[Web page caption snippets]
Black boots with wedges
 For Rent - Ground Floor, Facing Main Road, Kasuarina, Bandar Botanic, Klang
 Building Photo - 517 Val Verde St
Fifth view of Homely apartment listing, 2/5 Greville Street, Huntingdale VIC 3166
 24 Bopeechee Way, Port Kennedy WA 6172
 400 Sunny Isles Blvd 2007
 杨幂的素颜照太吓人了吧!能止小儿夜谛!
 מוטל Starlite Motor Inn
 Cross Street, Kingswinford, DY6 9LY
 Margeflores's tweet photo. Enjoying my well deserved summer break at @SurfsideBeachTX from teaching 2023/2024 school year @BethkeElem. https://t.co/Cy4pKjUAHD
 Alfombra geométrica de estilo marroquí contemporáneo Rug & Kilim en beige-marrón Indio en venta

• [Problem requirements] What this exercise asks for is an exact copy of all the records.

• [The answer]
Black boots with wedges
 For Rent - Ground Floor, Facing Main Road, Kasuarina, Bandar Botanic, Klang
 Building Photo - 517 Val Verde St
Fifth view of Homely apartment listing, 2/5 Greville Street, Huntingdale VIC 3166
 24 Bopeechee Way, Port Kennedy WA 6172
 400 Sunny Isles Blvd 2007
 杨幂的素颜照太吓人了吧!能止小儿夜谛!
 מוטל Starlite Motor Inn
 Cross Street, Kingswinford, DY6 9LY
 Margeflores's tweet photo. Enjoying my well deserved summer break at @SurfsideBeachTX from teaching 2023/2024 school year @BethkeElem. https://t.co/Cy4pKjUAHD
 Alfombra geométrica de estilo marroquí contemporáneo Rug & Kilim en beige-marrón Indio en venta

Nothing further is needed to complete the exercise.